THE INPUT ::
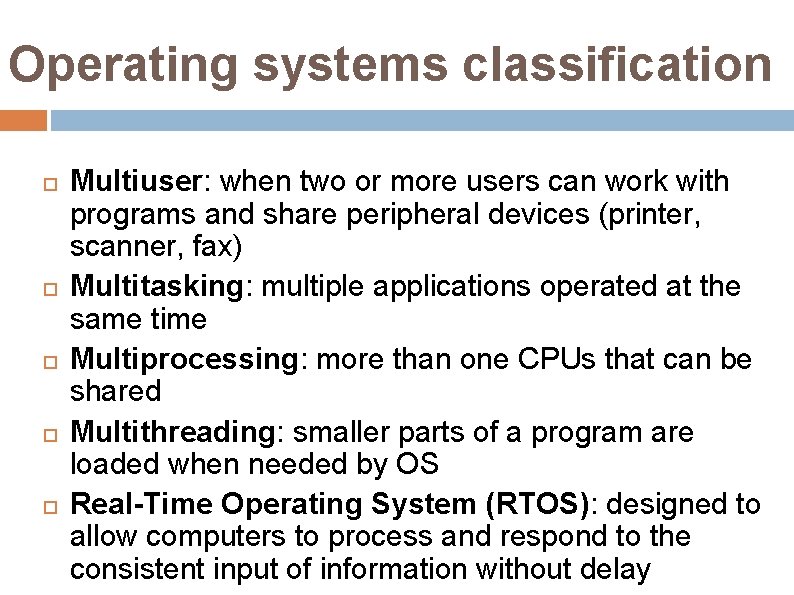 Operating systems classification Multiuser: when two or more users can work with programs and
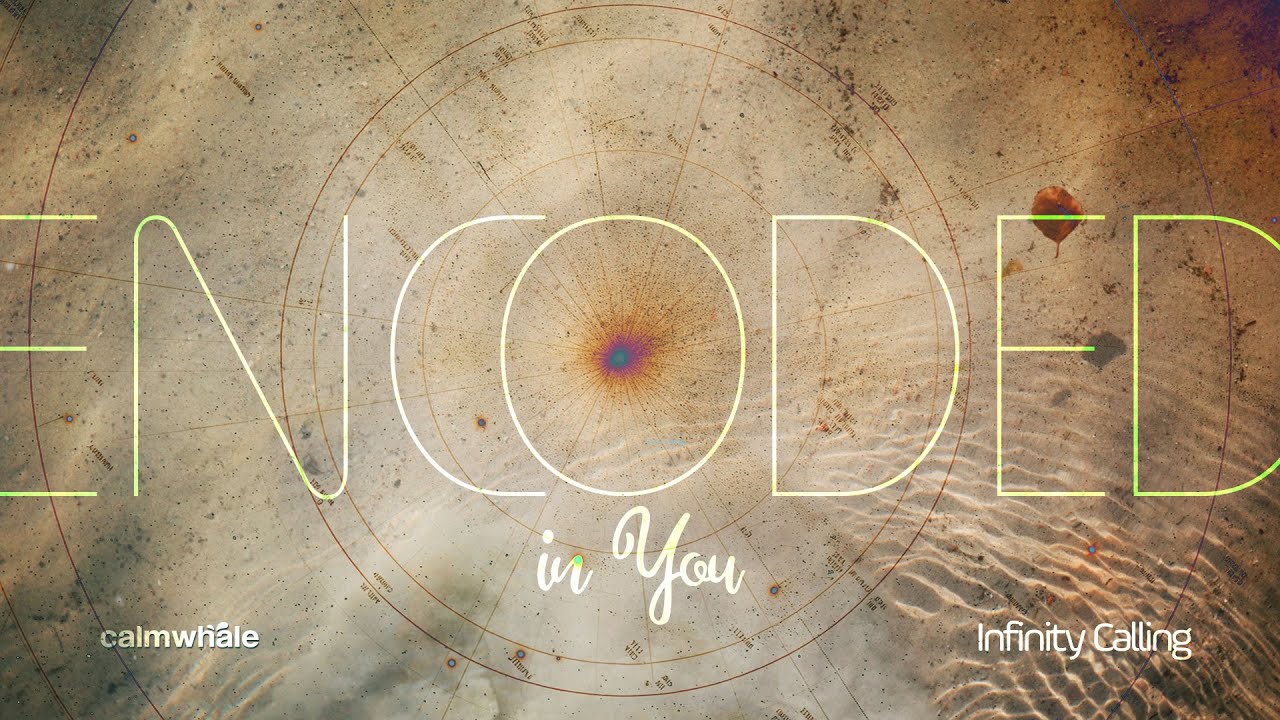 Voice of the Soul - Beautiful Dream Space for Your Infinity Calling - Encoded in You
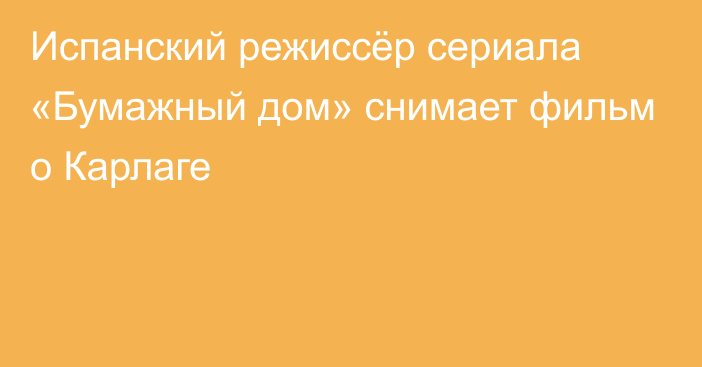 Испанский режиссёр сериала «Бумажный дом» снимает фильм о Карлаге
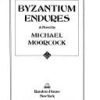 Byzantium Endures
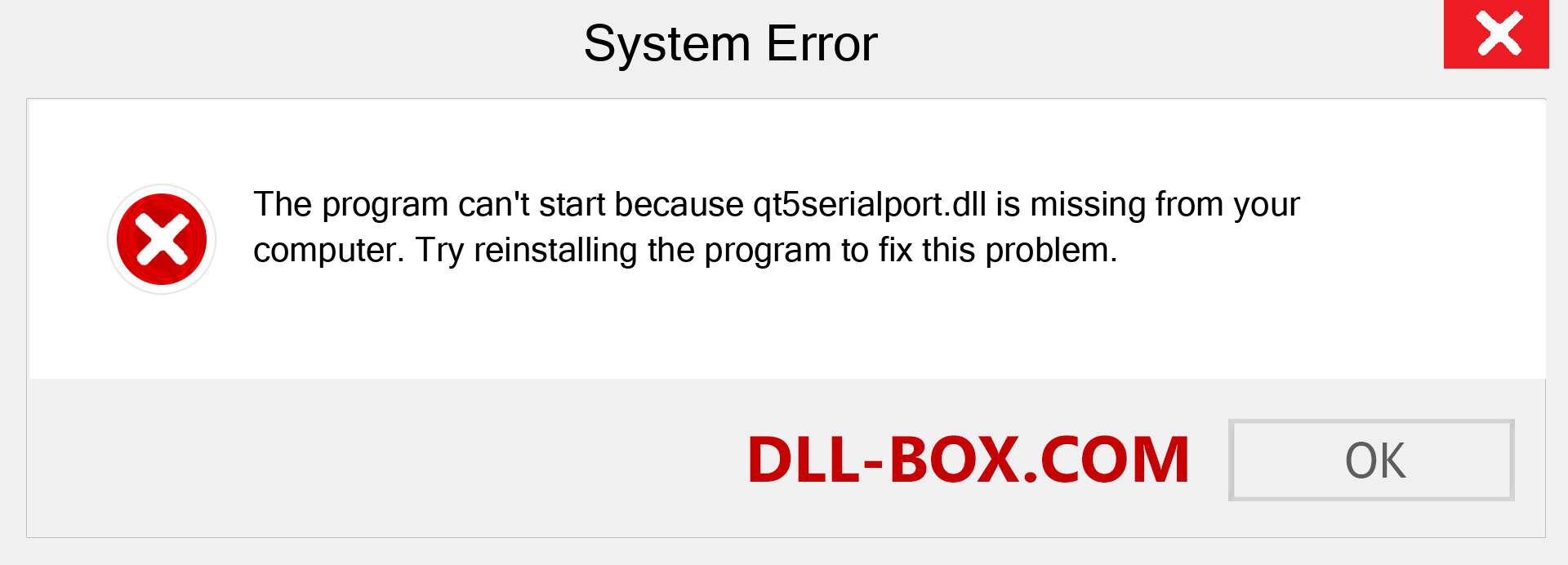 qt5serialport.dll file is missing?. Download for Windows 7, 8, 10 - Fix  qt5serialport dll Missing Error on Windows, photos, images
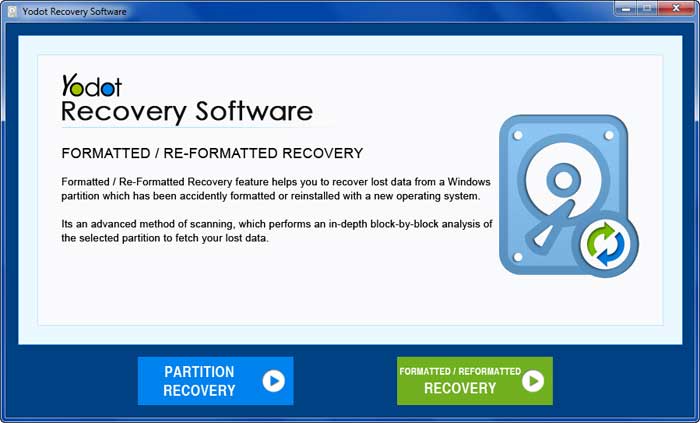 Click on Formatted/ Reformatted Recovery option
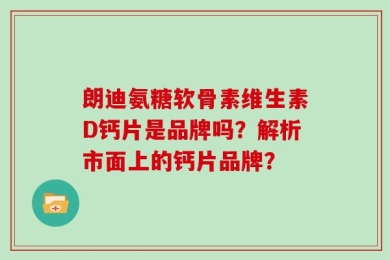 朗迪氨糖软骨素维生素D钙片是品牌吗？解析市面上的钙片品牌？
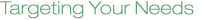 Targeting Your Needs Targeting Your Needs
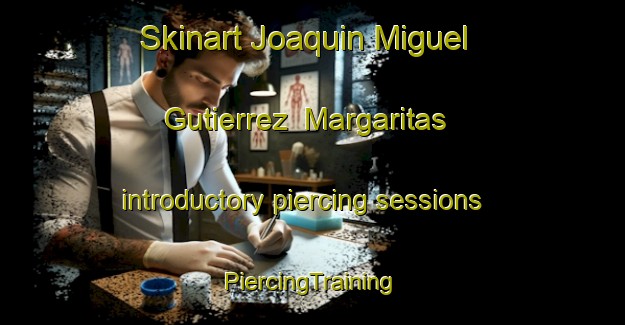 Skinart Joaquin Miguel Gutierrez  Margaritas introductory piercing sessions | #PiercingTraining #PiercingClasses #SkinartTraining-Mexico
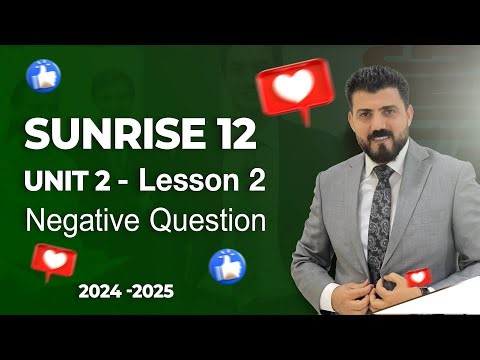 sunrise 12 - Unit 2 - Lesson2- Negative Question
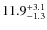 $\rm 11.9^{+ 3.1}_{- 1.3}$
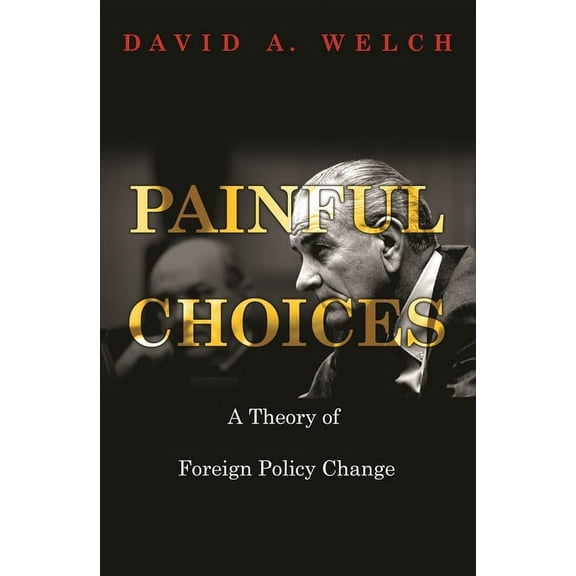 Painful Choices: A Theory of Foreign Policy Change, (Paperback)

PROBLEM STATEMENT ::
Please give back all the records above word for word, with no pictures included.

SOLUTION BELOW ::
 Operating systems classification Multiuser: when two or more users can work with programs and
 Voice of the Soul - Beautiful Dream Space for Your Infinity Calling - Encoded in You
 Испанский режиссёр сериала «Бумажный дом» снимает фильм о Карлаге
 Byzantium Endures
 qt5serialport.dll file is missing?. Download for Windows 7, 8, 10 - Fix  qt5serialport dll Missing Error on Windows, photos, images
 Click on Formatted/ Reformatted Recovery option
 朗迪氨糖软骨素维生素D钙片是品牌吗？解析市面上的钙片品牌？
 Targeting Your Needs Targeting Your Needs
 Skinart Joaquin Miguel Gutierrez  Margaritas introductory piercing sessions | #PiercingTraining #PiercingClasses #SkinartTraining-Mexico
 sunrise 12 - Unit 2 - Lesson2- Negative Question
 $\rm 11.9^{+ 3.1}_{- 1.3}$
 Painful Choices: A Theory of Foreign Policy Change, (Paperback)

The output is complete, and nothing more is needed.